You will need to work out $ \ h \ $ and $ \ d \ $ as functions of the angle $ \ x \ $ (trigonometry!) , in order to get $ \ L \ $ as a function of that angle. [Alternatively, $ \ L \ $ can be expressed in terms of the other sides of the triangle using trigonometric ratios.] That function then is what you are minimizing.

Answer 3

Here is a 'trigonometry-free' approach:

Let $(0,0)$ be where the wall meets the ground. The ladder touches the ground at $(x_1,0)$, with $x_1 \ge 4$, and the wall at $(0,x_2)$. The ladder must not pass below the point $(4,4)$. We want to minimize the length (well, length squared to keep formulae simple) $x_1^2+x_2^2$.

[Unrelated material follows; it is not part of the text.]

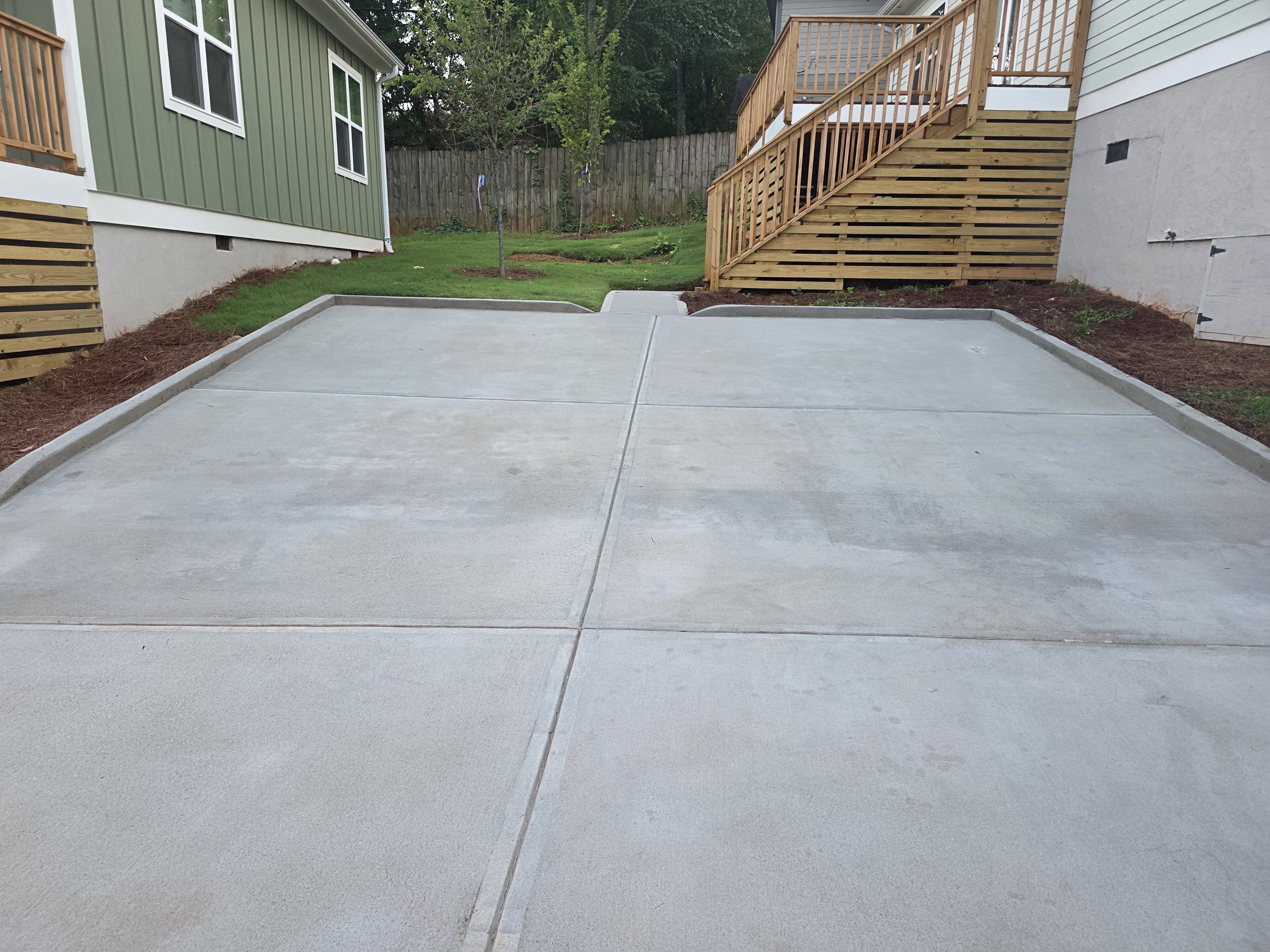 Wide concrete driveway pad between new construction homes after pressure washing in Atlanta, GA.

The locus of the ladder is $t (x_1,0)+(1-t )(0,x_2) = (t x_1, (1-t)x_2)$ for $t \in [0,1]$. The $x$ coordinate of the ladder is 4 when $t x_1 = 4$, that is $t = {4 \over x_1}$. Hence the fence constraint is $(1-{ 4 \over x_1}) x_2 \ge 4$, or $x_1 x_2 -4(x_1+x_2) \ge 0$.

This results in the problem is $\min \{x_1^2+x_2^2 | x_1 x_2 -4(x_1+x_2) \ge 0, x_1 \ge 4 \}$.

Note also that the fence constraint can be written as $x_2 \ge { 4 x_1 \over x_1 -4} = { 4 \over 1 - { 4 \over x_1} } \ge 4$ so the problem is equivalent to the problem $\min \{x_1^2+x_2^2 | x_1 x_2 -4(x_1+x_2) \ge 0, x_1 \ge 4, x_2 \ge 4 \}$

We note that the cost is strictly convex, and both the constraints and cost are symmetric. Furthermore, if $(x_1,x_2)$ satisfies the constraints, so does $({x_1+x_2 \over 2}, {x_1+x_2 \over 2} )$, since $\left( { x_1 + x_2 \over 2 } \right)^2 - x_1 x_2 = {1 \over 4} (x_1-x_2)^2 \ge 0$. Consequently, we may take $x_1 = x_2$ without loss of generality.

Hence the problem reduces to $\min \{ x^2 | x^2-8 x \ge 0, x \ge 4 \}$, which is solved by inspection to get the minimizer $x=8$, and so the minimum ladder length is $8 \sqrt{2}$.